Short descriptive text snippets:
**********
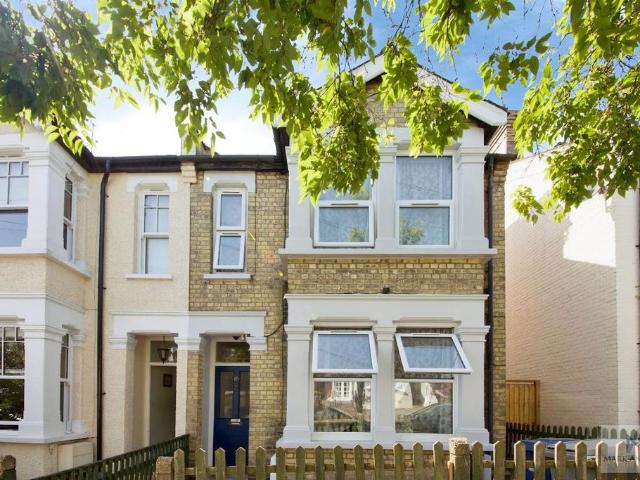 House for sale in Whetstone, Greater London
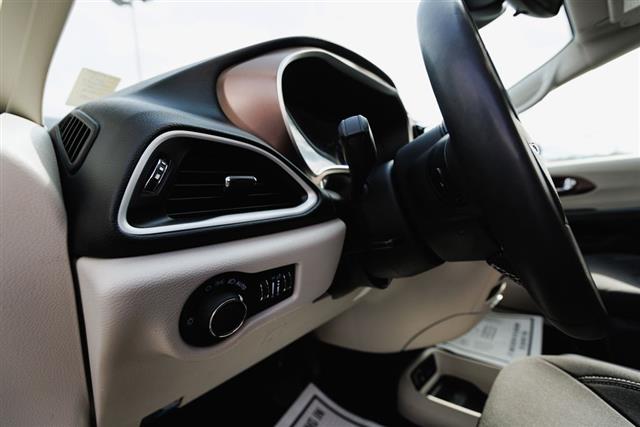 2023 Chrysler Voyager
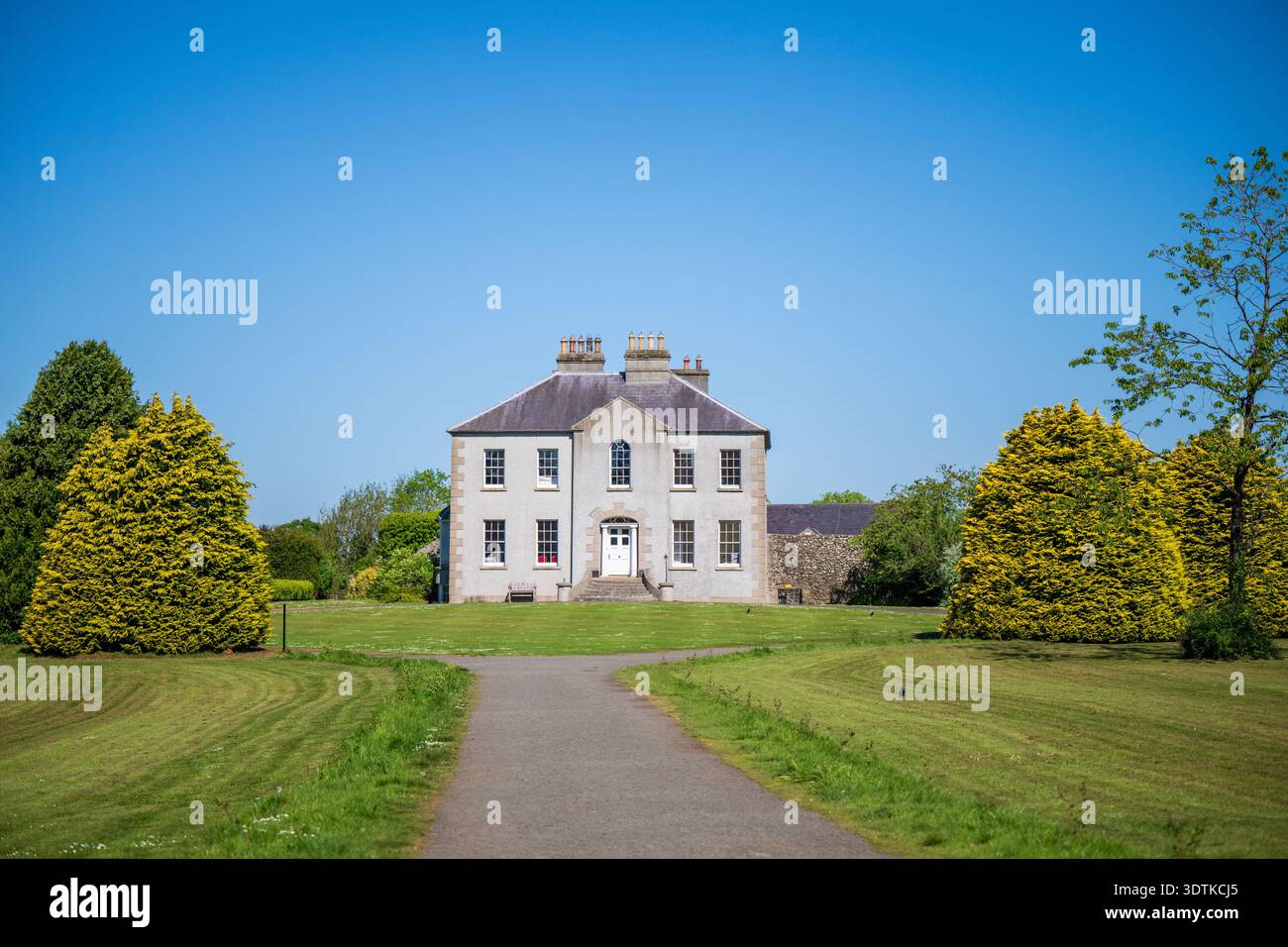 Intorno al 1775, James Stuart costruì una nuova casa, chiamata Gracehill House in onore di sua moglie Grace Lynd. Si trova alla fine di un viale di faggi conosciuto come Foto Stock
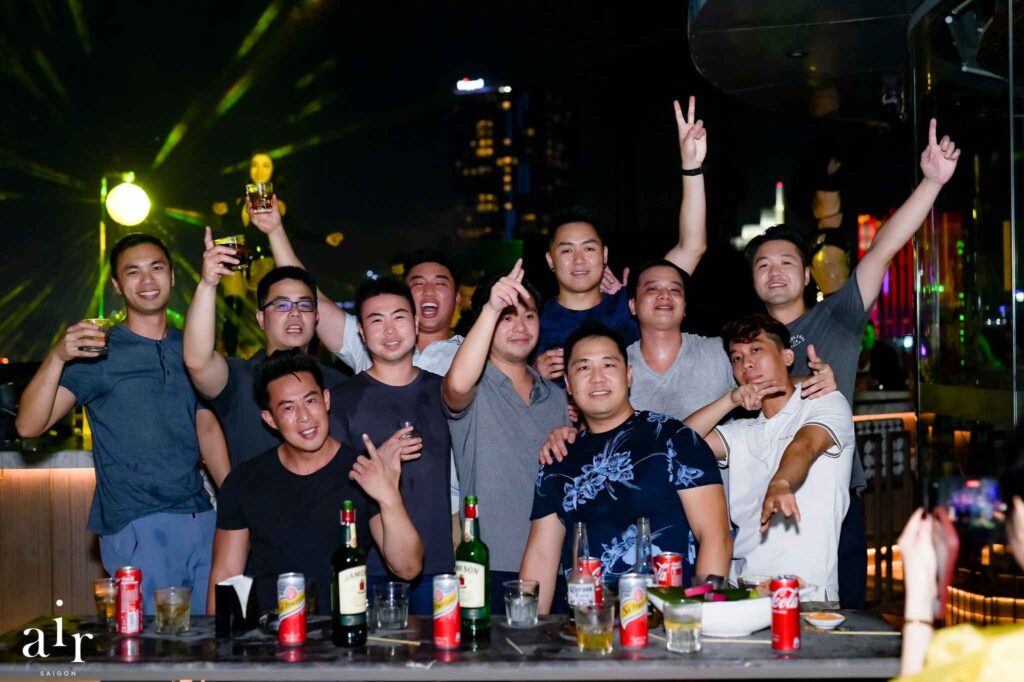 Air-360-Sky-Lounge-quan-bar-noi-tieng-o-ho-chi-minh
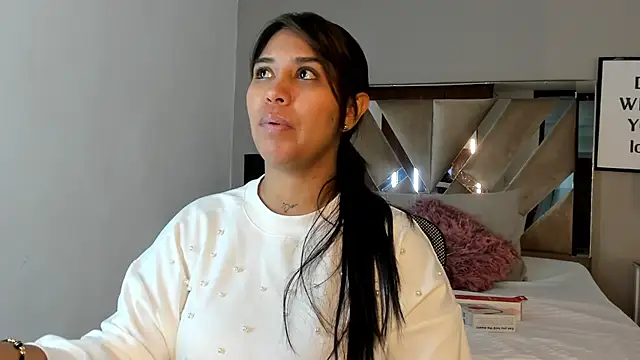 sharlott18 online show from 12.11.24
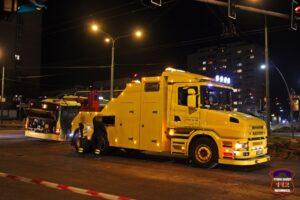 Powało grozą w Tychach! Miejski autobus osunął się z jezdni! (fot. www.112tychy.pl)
**********
Please return exactly, and only, the lines from the one containing "Intorno al 1775, James" through the end of the records, with both end lines kept and every picture dropped.

▸ RESULT
 Intorno al 1775, James Stuart costruì una nuova casa, chiamata Gracehill House in onore di sua moglie Grace Lynd. Si trova alla fine di un viale di faggi conosciuto come Foto Stock
 Air-360-Sky-Lounge-quan-bar-noi-tieng-o-ho-chi-minh
 sharlott18 online show from 12.11.24
 Powało grozą w Tychach! Miejski autobus osunął się z jezdni! (fot. www.112tychy.pl)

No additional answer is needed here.